Anderson gives a lot of the credit for the team’s success to his assistant coaches, Sue Larsen and Nathan Loersch.
“I couldn’t do what I do without those two,” he said.
He also said that both his experience as a high school runner and as a currently competitive runner are what he’s needed to be a complete coach.
“They kind of go hand in hand,” he said. “When I’m talking to the kids and communicating a workout, my experience as a runner in high school is more valuable, especially when it comes to racing tactics,” he said. “But training to be consistent over road races has really taught me about making consistent habits. I wouldn’t feel as complete as a coach without one or the other experience.”
While Anderson acknowledges training for marathons is different than training for 5Ks, he also points out that there are plenty of similarities, which his experiences make him uniquely qualified to see.
The mileage an athlete is running per week may be different, but he said the rhythm of that week – when to rest, what to work out – is very much the same. And, of course, he has a willing participant to test the effectiveness of his workouts – himself. That helps him communicate why his high school athletes are running what they’re running, and what it will do for them, something Anderson feels very strongly about.
His athletes appreciate all of the experience he brings to the table.
“As a person and a coach, we think very highly of him, and his decorated running resume backs his already trustworthy judgment and advice,” Day said. “Just when I think that I couldn’t have any more respect for him as a person and as a coach, his achievements keep on grabbing even more of my respect.
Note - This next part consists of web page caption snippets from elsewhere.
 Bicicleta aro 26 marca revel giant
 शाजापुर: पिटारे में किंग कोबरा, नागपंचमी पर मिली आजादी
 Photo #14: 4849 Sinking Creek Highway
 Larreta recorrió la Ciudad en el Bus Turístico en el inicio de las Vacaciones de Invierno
“When it comes to relating to his runners and understanding what they are going through, Coach Anderson’s skills are unparalleled. He knows the stretches and fixes for every injury, and knows how to push his runners to their highest potential while not being detrimental. For these reasons, among many others, I truly feel Coach Jesse Anderson is the best cross country coach in the state of Michigan.”
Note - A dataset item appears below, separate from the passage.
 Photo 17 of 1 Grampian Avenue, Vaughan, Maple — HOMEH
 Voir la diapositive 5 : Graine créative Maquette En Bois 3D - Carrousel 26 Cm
Of course, not all of Anderson’s lessons are taught from his successes. In 2013, he attempted for the first time to run the Boston Marathon and had to drop out. It’s the only race, Anderson said, he’s hasn’t finished.
“I didn’t prepare very well,” he said. “I was in the midst of starting up a business in town, and I had kept myself busy that weekend and drove out the day before. I didn’t drink enough water. I drank too much coffee. I made a lot of mistakes, and I use it as an example now for coaching.”
The 2013 race also served as a personal learning experience as Anderson prepared for the 2018 marathon, helping him to his biggest triumph at the site of what was previously his rare racing failure.
It was made more special by the group of Fenton runners he has been mentoring seeing that success.
“They’ve always been super supportive, and it was really heartwarming to have a bunch of people reach out to me,” he said. “I really try not to make too much out of it because a lot of circumstances went into being able to place that high, but I would like to think I was just trying to practice what I preach to the kids. This wasn’t the result of some Herculean effort. That said, it was pretty cool, and Boston is pretty recognizable to most people, so it was really cool to see the kids get excited about it.”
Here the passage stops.